By Januarius Asongu, PhD, author of Beyond Doctrine
Valentine’s Day invites us to contemplate love not merely as sentiment, but as a theological and moral reality. Within Christian tradition, love is the highest good, for “God is love” (1 John 4:8). Yet the Church has long employed a concept—contra naturam (contrary to nature)—that produces a striking contradiction. In one context, love between LGBTQ+ persons is condemned as sinful because it is said to be contra naturam. In another, the Church venerates miracles precisely because they are contra naturam. How can the same category serve both as grounds for condemnation and as evidence of sanctity?
This tension is neither superficial nor semantic. It exposes a deeper inconsistency in how nature, divine agency, and human dignity are interpreted.
St. Thomas Aquinas, whose authority profoundly shapes Catholic theology, described miracles as contra naturam or praeter ordinem naturae—beyond the order of nature. He did not mean that miracles violate nature in a destructive or irrational sense. Rather, he understood nature as an ordered system created by God, with God remaining free to act beyond its ordinary causal patterns. In De potentia (6.2), Aquinas explained that miracles occur when God produces effects that nature alone cannot produce, or produces them in ways nature cannot achieve.
He classified miracles into three types: those nature cannot do at all, such as raising the dead; those nature can do, but not in that order, such as instantaneous healing; and those nature can do, but which God accomplishes directly without natural intermediaries. In all cases, miracles are not violations of nature but expressions of divine freedom. They are contra naturam only in relation to ordinary processes—not in relation to ultimate truth or goodness.
Indeed, the Church requires miracles as evidence of sainthood. To be declared a saint, a person must be associated with events that transcend natural explanation. The contra naturam becomes, paradoxically, proof of divine presence. What is contrary to nature becomes evidence of grace.

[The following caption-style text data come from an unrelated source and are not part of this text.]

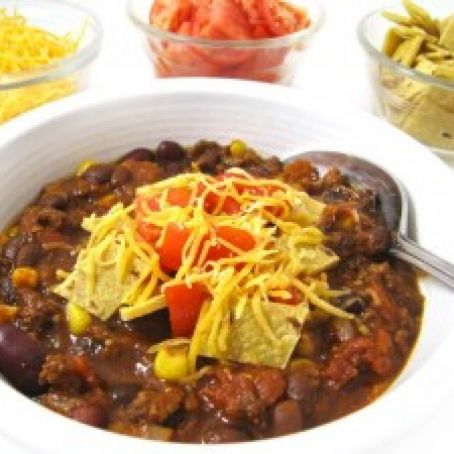 Skinny Taco Chili (Crock-pot or Stove-top) with Weight Watchers Points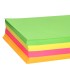 Papel color liderpapel a4 75gr neon 4 colores surtidos paquete de 500 hojas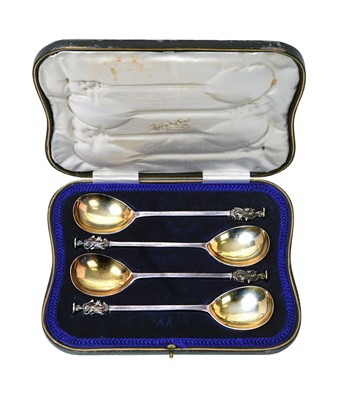 Lot 2145 - A Set of Four Victorian Silver Serving-Spoons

Yet when LGBTQ+ persons love, their love is often labeled contra naturam in a condemnatory sense. Here, the same category is used not to elevate but to marginalize. Love becomes sin not because it harms others, but because it is perceived as deviating from a presumed natural order.
This raises a fundamental theological question: why is being contra naturam sanctifying in one case and sinful in another?
The answer cannot simply be that one comes from God and the other from human beings. Aquinas himself taught that all being participates in God’s creative act. Human existence, including human capacities for love, arises within divine providence. If miracles demonstrate that God is not bound by rigid natural patterns, then the invocation of nature as an absolute moral constraint becomes suspect.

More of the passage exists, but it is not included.